→ GIVEN MATERIAL:
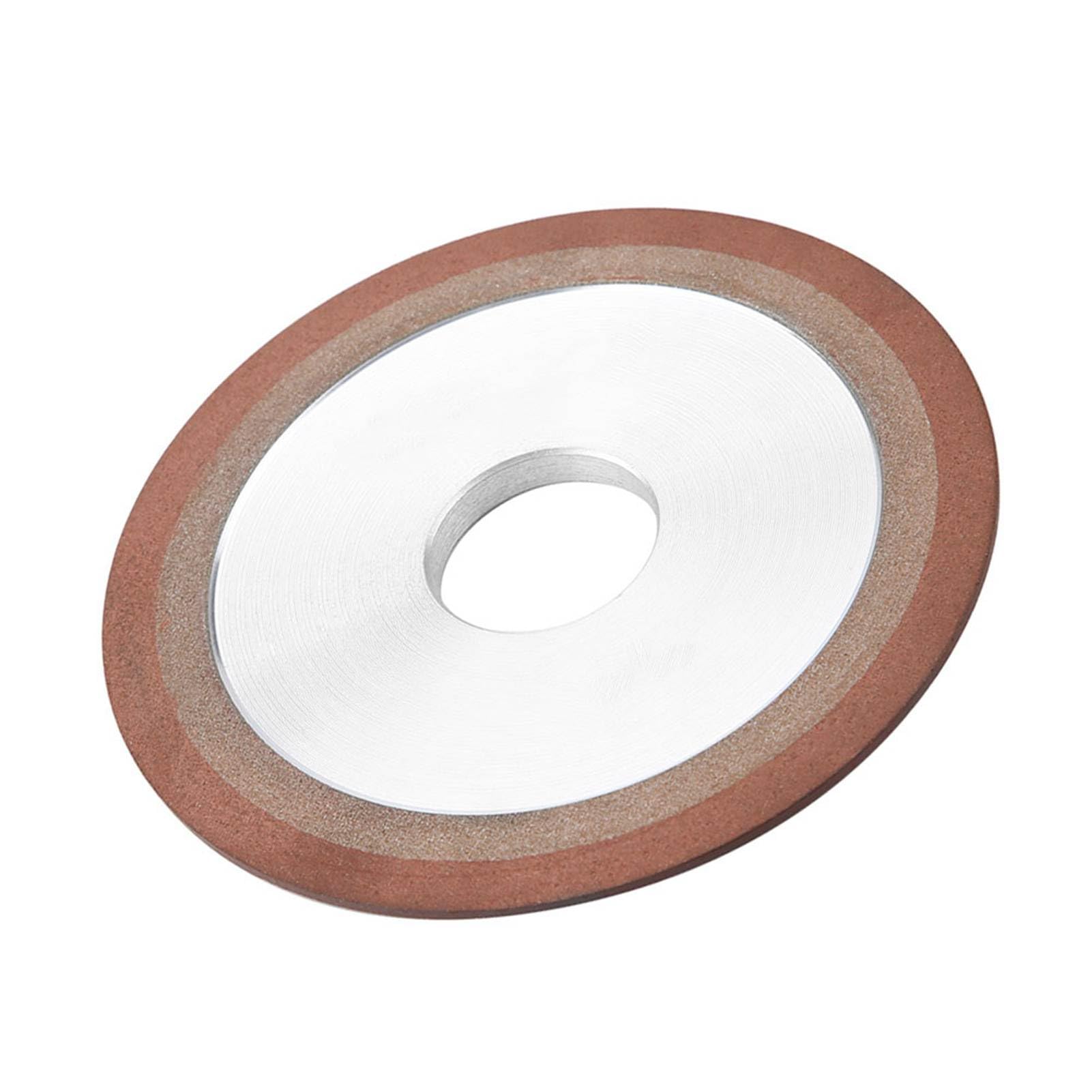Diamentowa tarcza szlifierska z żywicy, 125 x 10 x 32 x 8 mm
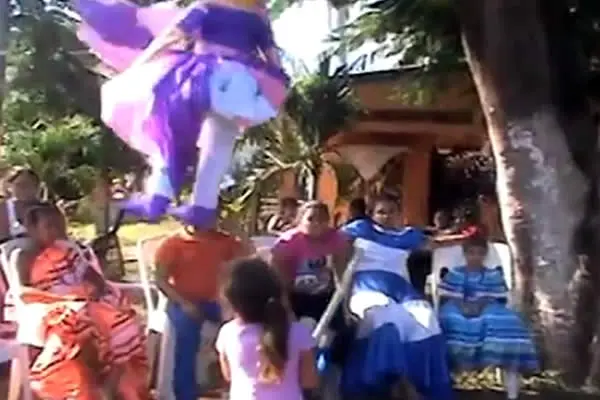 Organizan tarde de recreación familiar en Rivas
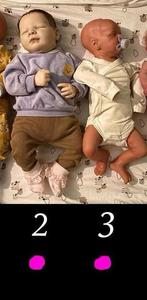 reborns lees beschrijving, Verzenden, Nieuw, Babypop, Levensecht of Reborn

→ YOUR INSTRUCTIONS: Everything in the data above, apart from the pictures, should be retyped exactly.

→ RESULT OF THIS TASK:
Diamentowa tarcza szlifierska z żywicy, 125 x 10 x 32 x 8 mm
 Organizan tarde de recreación familiar en Rivas
 reborns lees beschrijving, Verzenden, Nieuw, Babypop, Levensecht of Reborn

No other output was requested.